Copyright © 2020. Originally at Wine In the Time of Coronavirus, Part 32: Roero Deep Dive from 1WineDude.com - for personal, non-commercial use only. Cheers!
What is the future for Burgundy wines in the U.S.? Christy Canterbury looks ahead in SevenFifty Daily. “While Burgundy remarkably held its own in terms of global exports—volumes up 0.8 percent and revenue down only 0.8 percent over 2019—the drop off in the American market reveals that the 18 months of U.S.-imposed tariffs on French wines (referred to as “la taxe Trump” in France) were more damaging to sales than the pandemic.”
Has Chianti Classico finally outgrown its French influence? James Lawrence looks at the DOCG’s evolution in Wine-Searcher. “Tuscany is full of delicious bottles which exploit the international renown of French grapes like Cabernet Sauvignon. Why, then, do we need Chianti Classicos with dollops of Merlot and Cabernet? Are they inherently better wines? Do they truly enhance the final product? I’d argue not: I’ve never tasted a blended style that was superior to a 100 percent Sangiovese hallmark.”
In the Wall Street Journal’s Opinion section, wine collector Rob Arnott wants restaurants to do away with wine corkage fees. “If wine collectors are desirable customers, because of their overall spending and because they introduce friends to the restaurant, why not have rules that welcome them, while discouraging the corkage-to-save-money crowd? Perhaps set corkage at the median price on the wine list. Perhaps set a minimum bill per person, if customers bring wines of their own.” (subscription req.)
“If there’s one stylistic trend that has marked the past seven or eight years, it’s a turn away from high-alcohol, super-ripe wines—red or white—toward lighter, more savory styles.” In Food & Wine, Ray Isle highlights elegant wines from cooler-climate regions.
San Francisco may have a wine thief, reports Esther Mobley, and they’re into fancy Italian wine bottles.
In Club Oenologique, David Kermode looks at the unstoppable rise of rosé.
In Wine Enthusiast, Amy Beth Wright does a deep dive into the Texas High Plains region.

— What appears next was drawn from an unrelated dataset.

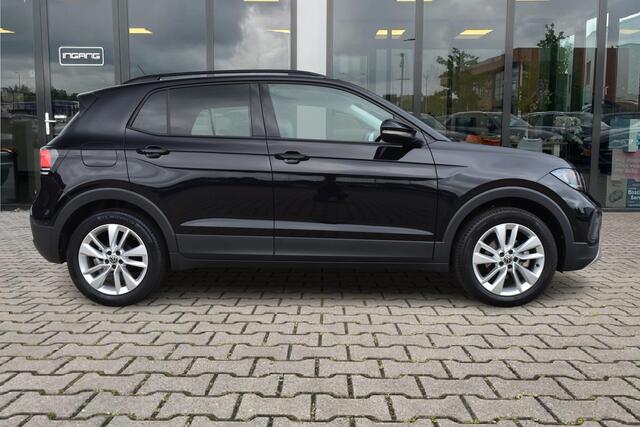 Volkswagen T-Cross 1.0 TSI Life Edition | ACC | Camera | Trekhaak |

“Wine aerators are a scourge on the face of the wine industry and a complete and utter waste of money,” says Alder Yarrow. “There is no single product (OK, maybe the Clef du Vin or the OMNE wand ) that is more useless, overpriced, and just plain irrelevant in the wine industry than any one of the hundreds of different wine aeration devices that have been “invented” to help wine lovers enjoy their wines more.”
In Club Oenologique, Adam Lechmere looks at worldwide efforts to ensure a more diverse wine industry. “These diversity scholarships are a drop in the ocean (how on earth can a couple of million quid change anything?), but they are a start… It’s going to take more than an auction or two to dismantle a system that has endured for generations. But revolutions are often started by people who see things in quite simple terms.”
In Wine Enthusiast, sommelier Terence Lane on how working a harvest gave him a new appreciation for wine and hospitality.
“Is wine really wine if it doesn’t possess the potential to alter our perspective via the alcohol…if the inherent risk in drinking wine (or any alcohol) does not exist?” Tom Wark considers non-alcoholic wine.
How good is canned wine? Ellie Douglas samples many of them for Decanter.
The Bordeaux 2020 vintage is ripe for investors, reports W. Blake Gray in Wine-Searcher.
For subscribers, Jancis Robinson offers notes on Coteaux Champenois and poses the question: Can Champagne make good still wine?